1

I'm a newcomer to Riak and I've been reading this chapter from riak's docs. It goes to show that by adding structure information to buckets and keys one can overcome some of the limitations of key/value operations.

Though the article states an example on how such key would be structured:

sensor data keys could be prefaced by sensor_ or temp_sensor1_ followed by a timestamp (e.g. sensor1_2013-11-05T08:15:30-05:00)

no method is mentioned on how to query the data by key prefix (e.g sensor1_). Looking around stackoverflow I found this question. In it MapReduce and key filtering are mentioned as a possible solution. But the documentation on key filters states that they are a soon-to-be deprecated feature. I also checked out Riak search as a possible way but wasn't able to find a way to query data by key prefix.

My question is: What is the best way to search data by key prefix?
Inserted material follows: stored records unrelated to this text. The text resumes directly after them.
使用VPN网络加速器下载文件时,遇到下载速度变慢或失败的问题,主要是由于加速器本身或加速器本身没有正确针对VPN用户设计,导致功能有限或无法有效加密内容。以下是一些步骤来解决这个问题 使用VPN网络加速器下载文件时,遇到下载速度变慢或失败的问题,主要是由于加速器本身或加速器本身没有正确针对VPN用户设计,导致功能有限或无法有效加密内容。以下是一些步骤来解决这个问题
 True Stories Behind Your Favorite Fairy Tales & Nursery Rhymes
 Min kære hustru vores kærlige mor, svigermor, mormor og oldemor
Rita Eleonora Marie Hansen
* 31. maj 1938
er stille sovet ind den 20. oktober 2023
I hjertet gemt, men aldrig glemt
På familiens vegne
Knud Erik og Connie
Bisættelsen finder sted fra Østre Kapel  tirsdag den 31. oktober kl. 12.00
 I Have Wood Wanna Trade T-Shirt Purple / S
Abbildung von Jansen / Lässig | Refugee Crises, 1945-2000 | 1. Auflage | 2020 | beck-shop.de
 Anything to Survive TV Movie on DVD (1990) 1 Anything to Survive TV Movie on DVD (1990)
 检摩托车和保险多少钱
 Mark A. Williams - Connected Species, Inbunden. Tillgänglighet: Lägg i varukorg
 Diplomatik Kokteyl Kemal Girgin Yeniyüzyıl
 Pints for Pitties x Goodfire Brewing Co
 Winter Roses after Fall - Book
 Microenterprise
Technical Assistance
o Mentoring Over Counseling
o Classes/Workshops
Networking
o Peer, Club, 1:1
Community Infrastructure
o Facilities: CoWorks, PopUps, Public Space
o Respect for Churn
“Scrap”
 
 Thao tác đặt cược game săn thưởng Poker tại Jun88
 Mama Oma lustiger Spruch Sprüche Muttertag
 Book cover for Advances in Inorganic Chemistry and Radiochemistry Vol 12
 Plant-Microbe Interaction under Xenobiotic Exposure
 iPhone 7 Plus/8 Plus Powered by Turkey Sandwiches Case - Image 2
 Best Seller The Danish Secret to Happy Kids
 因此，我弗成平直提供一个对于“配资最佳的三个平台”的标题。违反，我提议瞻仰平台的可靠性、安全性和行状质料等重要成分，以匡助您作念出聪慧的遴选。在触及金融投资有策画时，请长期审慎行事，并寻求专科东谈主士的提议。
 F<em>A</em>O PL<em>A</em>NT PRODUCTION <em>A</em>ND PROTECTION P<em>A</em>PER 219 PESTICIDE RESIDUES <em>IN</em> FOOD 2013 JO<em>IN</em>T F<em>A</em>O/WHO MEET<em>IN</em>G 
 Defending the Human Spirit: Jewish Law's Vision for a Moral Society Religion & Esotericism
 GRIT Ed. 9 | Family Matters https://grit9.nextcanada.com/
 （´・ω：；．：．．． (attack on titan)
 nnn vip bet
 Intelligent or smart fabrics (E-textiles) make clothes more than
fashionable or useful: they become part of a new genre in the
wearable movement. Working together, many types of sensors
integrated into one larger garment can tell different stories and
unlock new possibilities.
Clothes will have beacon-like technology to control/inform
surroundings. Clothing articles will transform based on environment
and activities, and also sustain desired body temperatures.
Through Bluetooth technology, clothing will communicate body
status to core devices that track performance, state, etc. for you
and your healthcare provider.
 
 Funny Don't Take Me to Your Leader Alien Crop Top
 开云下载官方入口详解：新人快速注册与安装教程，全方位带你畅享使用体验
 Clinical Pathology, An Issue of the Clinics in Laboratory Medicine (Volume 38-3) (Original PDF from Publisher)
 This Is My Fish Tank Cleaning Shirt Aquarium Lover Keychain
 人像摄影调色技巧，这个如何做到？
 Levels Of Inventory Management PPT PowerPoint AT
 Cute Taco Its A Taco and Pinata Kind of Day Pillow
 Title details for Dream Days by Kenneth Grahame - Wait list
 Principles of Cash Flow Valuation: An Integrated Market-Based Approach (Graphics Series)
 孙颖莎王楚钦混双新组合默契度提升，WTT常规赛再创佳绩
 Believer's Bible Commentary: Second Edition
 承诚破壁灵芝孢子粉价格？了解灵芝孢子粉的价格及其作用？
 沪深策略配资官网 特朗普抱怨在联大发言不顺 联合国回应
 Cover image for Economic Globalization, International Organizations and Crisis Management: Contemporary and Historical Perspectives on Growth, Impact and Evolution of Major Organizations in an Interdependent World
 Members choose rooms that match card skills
I would greatly appreciate an example.

Community
  • 1
  • 1

1 Answers1

2

The best way to search for a key prefix is to not do it if you don't need to, i.e. design around that search pattern if you can. The primary way to do that is to use deterministic keys that your application can easily compute. That said, if you cannot avoid building your application to require searching on key prefixes there are couple of things you can do (all of which have their drawbacks).

  1. Key Filters - http://docs.basho.com/riak/latest/dev/references/keyfilters/ - as you noted already these are marked as deprecated and not recommended at this point.
  2. MapReduce - http://docs.basho.com/riak/latest/dev/advanced/mapreduce/ - a good option if you can query in batches but not really suited for real time querying. You could cache the query results if precomputing the queries is helpful.
  3. Riak Search 2.0 (Solr) - http://docs.basho.com/riak/latest/dev/using/search/ - this is probably the easiest method to implement from an application perspective and allows to query your keys using a query along the lines of: 'curl "$RIAK_HOST/search/sensor?wt=json&q=_yz_rk:sensor1_*"'. Using search does come with a performance hit over straight key based queries but you can cache queries.
  4. Data Modeling - querying by key directly is always going to provide the best performance as mentioned above. One option is to to take advantage of Riak's Data Types (CRDTs) and create a bucket that uses sets. You could create a set for each sensor that contained a list of keys associated with that sensor in the first bucket. Then you can iterate over the keys in the set and do a multi-get to return all of associated records.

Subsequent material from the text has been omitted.